ENTRIES SUPPLIED
*** Begin section ***

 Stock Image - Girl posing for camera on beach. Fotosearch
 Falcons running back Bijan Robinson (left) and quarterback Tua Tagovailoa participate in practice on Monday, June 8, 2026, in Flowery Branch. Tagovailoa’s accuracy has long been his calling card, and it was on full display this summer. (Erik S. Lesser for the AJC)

*** End section ***
*** Begin section ***

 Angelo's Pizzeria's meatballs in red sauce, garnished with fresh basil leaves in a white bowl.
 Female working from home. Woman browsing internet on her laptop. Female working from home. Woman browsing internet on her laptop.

*** End section ***
*** Begin section ***

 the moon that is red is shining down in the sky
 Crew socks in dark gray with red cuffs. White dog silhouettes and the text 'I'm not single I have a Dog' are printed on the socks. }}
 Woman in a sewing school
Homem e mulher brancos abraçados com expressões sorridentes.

*** End section ***

BRIEF
Using the data above, show each line where "Woman" occurs.

RESPONSE AREA
 Female working from home. Woman browsing internet on her laptop. Female working from home. Woman browsing internet on her laptop.
 Woman in a sewing school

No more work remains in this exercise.